Pakka's promoter pledged 28% of the company to secure a ₹540 cr NCD.
The largest single pledge in Pakka's history secures a high-coupon debt issue for a nano-cap with a ₹360 cr market cap. It's bigger than the promoter's likely entire holding.
— 3 earlier stories on Pakka Ltd. →What's new
- Promoter Ved Krishna pledged 1.27 crore shares (28.21% of equity) on June 4 to Catalyst Trusteeship as security for debenture holders.
- The pledge backs the company's ₹540 cr non-convertible debenture issue, which carries interest rates up to 19.4%.
- The encumbrance is the largest single pledge in the company's history and represents roughly 126% of the promoter's likely holding.
Why this matters
For a company with a ₹360 crore market cap, pledging 28% of equity for a ₹540 crore debt issue is a sign of acute financial strain. The high coupon and the scale of collateral demanded by debenture holders suggest deep liquidity challenges. If Pakka defaults, the forced sale of these shares would hit minority holders directly.
What we're watching
- Whether the company's credit rating stabilises after its recent downgrade.
- The execution of Project Jagriti and its impact on Pakka's cash flows.
- Any further promoter pledges or equity sales to meet debt obligations.
The full read
Pakka's promoter Ved Krishna has pledged 1.27 crore shares, or 28.21% of the company's total equity, as security for a ₹540 crore non-convertible debenture issue. The issue's coupon runs as high as 19.4%. The pledge, created on June 4, is the largest single encumbrance in the company's history. For context, Pakka's market capitalisation is just ₹360 crore, meaning the debt being secured exceeds the company's entire market value. The analyst rationale indicates the pledged stake is roughly 126% of the promoter's likely holding. This is a severe strain. It leaves almost no unencumbered promoter equity and ties the founder's stake directly to debt repayment. Any default could trigger a forced sale of these shares, hitting minority holders hard. The pledge arrives as Pakka grapples with cost overruns at Project Jagriti and a credit rating downgrade. The debenture holders demanded this collateral, and the promoter agreed.
Questions answered
- How big is this pledge relative to the company's size?
- The pledge secures a ₹540 crore NCD issue, while Pakka's market capitalisation is just ₹360 crore. The promoter's 28.21% equity pledge is the largest single encumbrance in the company's history and represents roughly 126% of the promoter's likely holding.
- What does the high interest rate on the NCDs signal?
- The NCDs carry interest rates up to 19.4%, a high coupon that reflects the elevated risk debenture holders see in Pakka's financial position. This cost of debt will add to the company's interest burden.
- What is the immediate risk to minority shareholders?

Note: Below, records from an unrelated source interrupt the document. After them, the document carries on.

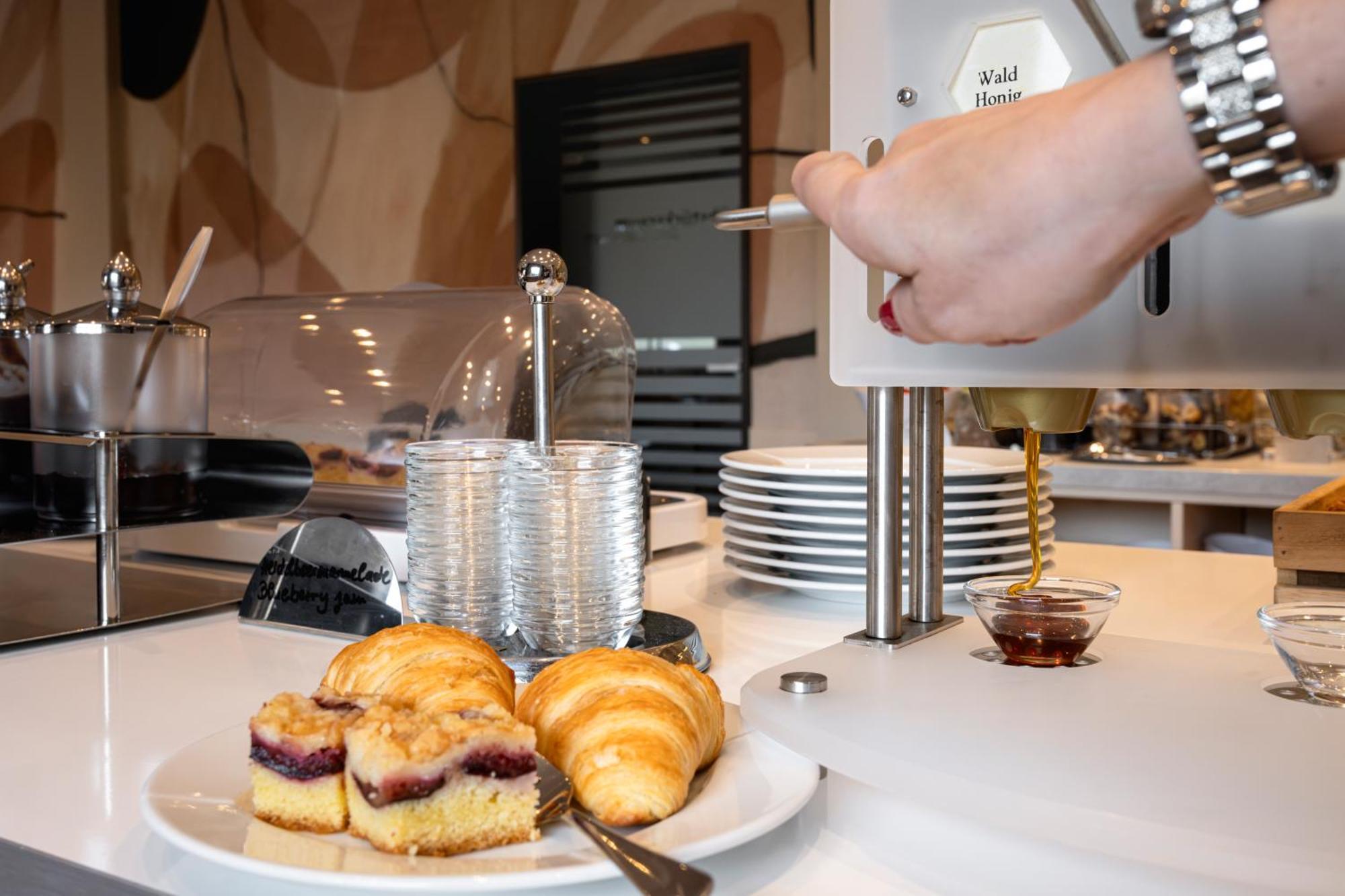 Hotel Astra Düsseldorf Extérieur photo
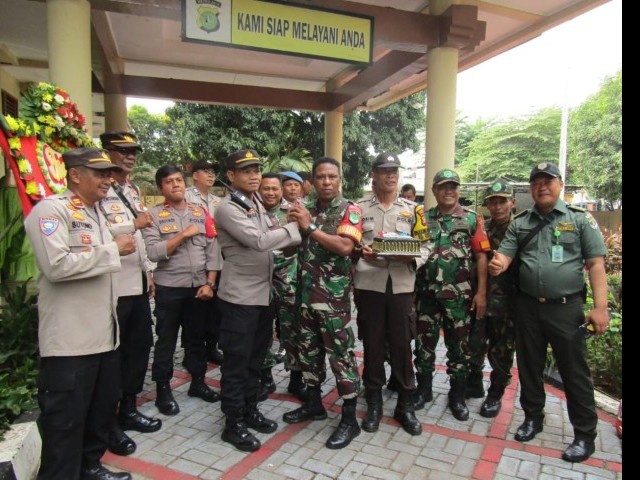 Koramil 07/Kemayoran Berikan Ucapan HUT Bhayangkara Kepada Polsek Kemayoran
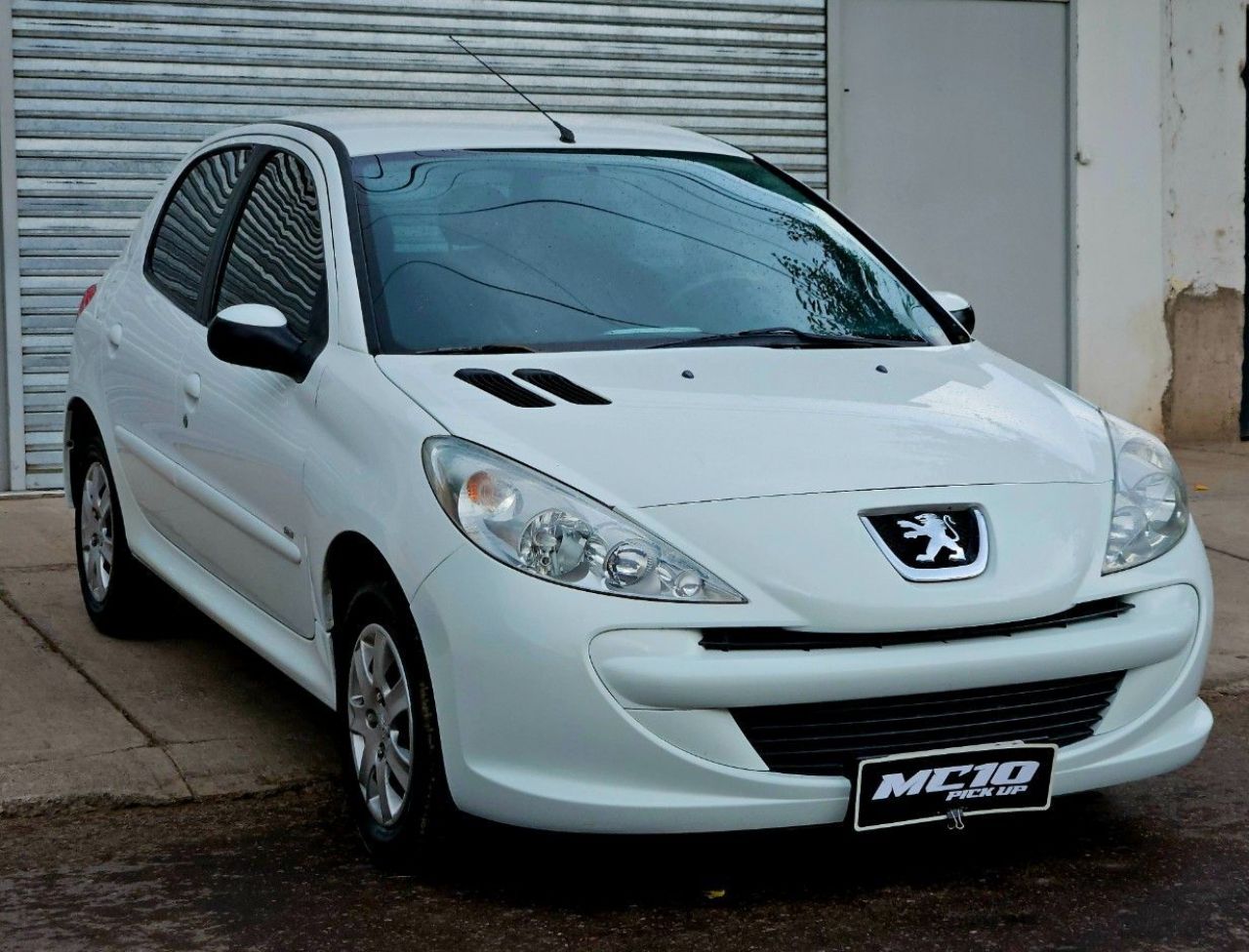 Peugeot 207 Usado Financiado en Mendoza, deRuedas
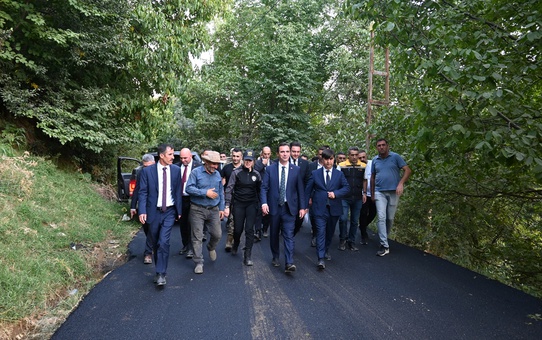 Bitlis Valisi Karakaya, Hizan'da incelemelerde bulundu, asfalt hedefi 300 kilometre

- If Pakka defaults on the NCDs, the debenture trustee could force a sale of the pledged shares. This would flood the market with promoter stock, likely depressing the price and diluting minority holders.
- Why is the pledge being made now?
- The pledge secures a ₹540 crore fundraising approved by the board less than two weeks ago. The timing, coupled with the company's cost overruns at Project Jagriti and a credit rating downgrade, points to a pressing need for cash.
Story so far
All notes on PAKKA →- 9 Jun 2026 · 10:48 AM IST Pakka's promoter pledged 28% of the company to secure a ₹540 cr NCD.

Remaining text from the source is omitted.